FRISCO, Texas – Two pivotal moments for Dak Prescott and the Cowboys' offense over this recent Thanksgiving stretch:
- On Nov. 20 against the Baltimore Ravens, the Cowboys punted on their first four possessions for the first time all season. On their fifth drive, trailing 7-0, two straight pre-snap penalties set up a first-and-30. Prescott scrambled for 12 yards and threw two straight completions to Dez Bryant to Brice Butler totaling 53 yards. Three plays later, the offense was in the end zone – the start of five straight scoring drives in a 27-17 victory.
- Then on Thanksgiving four days later, just after the Washington Redskins had trimmed the Cowboys' lead to 17-12 at the start of the fourth quarter, Prescott calmly went 3-of-3 for 44 yards and ran six yards for a touchdown to make it a two-possession game once again in an eventual 31-26 victory.
Cowboys head coach Jason Garrett doesn't believe in the term 'rise to the occasion.' He believes every play matters, whether things are going your way or not, and players must treat each individually with the same focus.
His rookie quarterback clearly takes that approach to the field.
"I don't really put too much into what that moment means more than I put into what I have to do on that one play," Prescott said. "I just kind of lock in on that. There's a lot that goes into each and every play and I know if I focus on that and just try to do my job the guys around me will do theirs. And it usually works out the right way."
The Cowboys, like any offense, want to start games fast. They've done that this season for the most part, scoring 68 first-quarter points in 11 games this season.
One exception was the Ravens game, when Prescott was 4-of-10 passing on those first four drives ending in punts. He finished the game 27-of-36 for 301 yards and three touchdowns.
In the first 11 starts of his career, he hasn't let a bad stretch in a game affect him. He has just kept playing.
[embeddedad0]"I really don't think he's a slow starter," Cowboys offensive coordinator Scott Linehan said. "We've scored more touchdowns on opening drives than a lot of teams. We've had a couple where he wasn't 10-for-10 or whatever, but I think he's definitely a guy that gets better as the game goes on. I think it helps that he's got the team around him that he does, and he has a lot of patience and poise about his approach.
"That's what quarterback's jobs are to do. It's hard to do as a young player, but he doesn't feel to me or seem to me like he's a young guy – I think he's always been that kind of guy."
Prescott has the league's fourth-best passer rating (108.6), completing 67.9 percent of his passes with 18 touchdowns and only two interceptions. According to NBC Sports, he also ranks seventh among quarterbacks with a 109.1 passer rating the fourth quarter of games this season.

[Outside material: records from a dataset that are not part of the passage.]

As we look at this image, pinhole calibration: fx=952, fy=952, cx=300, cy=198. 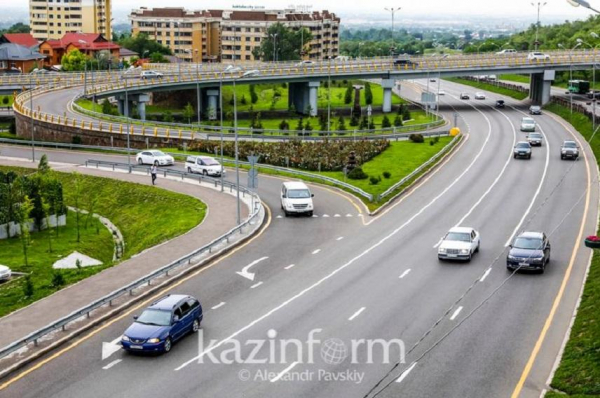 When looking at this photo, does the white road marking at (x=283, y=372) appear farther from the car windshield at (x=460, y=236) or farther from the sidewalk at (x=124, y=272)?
the car windshield at (x=460, y=236)

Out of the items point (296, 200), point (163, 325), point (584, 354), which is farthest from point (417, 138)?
point (163, 325)

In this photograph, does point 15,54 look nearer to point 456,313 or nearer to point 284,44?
point 284,44

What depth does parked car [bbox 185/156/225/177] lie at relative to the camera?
234 ft

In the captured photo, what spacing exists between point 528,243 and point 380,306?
32.5ft

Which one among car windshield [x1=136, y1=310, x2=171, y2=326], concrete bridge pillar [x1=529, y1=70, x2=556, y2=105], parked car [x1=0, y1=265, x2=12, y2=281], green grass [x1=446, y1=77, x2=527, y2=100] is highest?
concrete bridge pillar [x1=529, y1=70, x2=556, y2=105]

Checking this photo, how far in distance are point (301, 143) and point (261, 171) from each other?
9.50 m

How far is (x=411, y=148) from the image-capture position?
83500 mm

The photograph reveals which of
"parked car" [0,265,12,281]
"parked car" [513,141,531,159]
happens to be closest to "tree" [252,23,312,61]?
"parked car" [513,141,531,159]

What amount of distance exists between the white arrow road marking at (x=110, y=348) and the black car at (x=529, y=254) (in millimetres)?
18907

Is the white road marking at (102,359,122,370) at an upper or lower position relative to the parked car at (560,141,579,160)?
lower

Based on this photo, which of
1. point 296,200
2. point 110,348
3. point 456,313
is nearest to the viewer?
point 110,348

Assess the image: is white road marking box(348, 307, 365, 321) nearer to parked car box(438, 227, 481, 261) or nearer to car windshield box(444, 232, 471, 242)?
parked car box(438, 227, 481, 261)

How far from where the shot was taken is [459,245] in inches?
1801

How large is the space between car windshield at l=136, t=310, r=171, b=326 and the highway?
1065mm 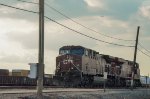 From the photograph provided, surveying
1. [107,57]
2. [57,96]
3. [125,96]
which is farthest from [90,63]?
[57,96]

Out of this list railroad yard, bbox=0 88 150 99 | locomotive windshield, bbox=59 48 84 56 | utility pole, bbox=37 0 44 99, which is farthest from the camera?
locomotive windshield, bbox=59 48 84 56

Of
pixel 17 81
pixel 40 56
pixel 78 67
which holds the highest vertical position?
pixel 40 56

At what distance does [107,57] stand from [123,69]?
820cm

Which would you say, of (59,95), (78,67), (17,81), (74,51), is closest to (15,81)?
(17,81)

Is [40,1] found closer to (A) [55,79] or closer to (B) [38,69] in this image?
(B) [38,69]

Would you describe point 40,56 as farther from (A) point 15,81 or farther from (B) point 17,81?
(B) point 17,81

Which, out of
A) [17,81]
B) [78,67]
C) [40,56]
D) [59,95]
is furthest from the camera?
[78,67]

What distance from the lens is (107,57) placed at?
185 ft

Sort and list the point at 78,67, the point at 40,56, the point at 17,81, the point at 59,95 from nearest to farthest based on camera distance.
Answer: the point at 40,56
the point at 59,95
the point at 17,81
the point at 78,67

He has made plays in late-game moments, indeed. The Cowboys have directed three fourth-quarter comeback victories this season.
No matter the score or the situation, though, Prescott doesn't let himself think about anything other than the play the offense is trying to execute at that moment.
"Some games we get rolling early and it's hard to stop us and some games it takes a little bit of time," he said. "It's more of, just stay within the moment. Don't worry about what's happened, don't worry about the next plays. Worry about what's at hand now."
This Thursday, the offense will be challenged on the road by a Minnesota Vikings defense that ranks third in total yardage allowed per game (307.0) and second in points allowed per game (17.5).
"They're all over the field," Prescott said. "It's a great secondary. They're solid all the way around."
For Prescott, the approach will be the same: focus play to play.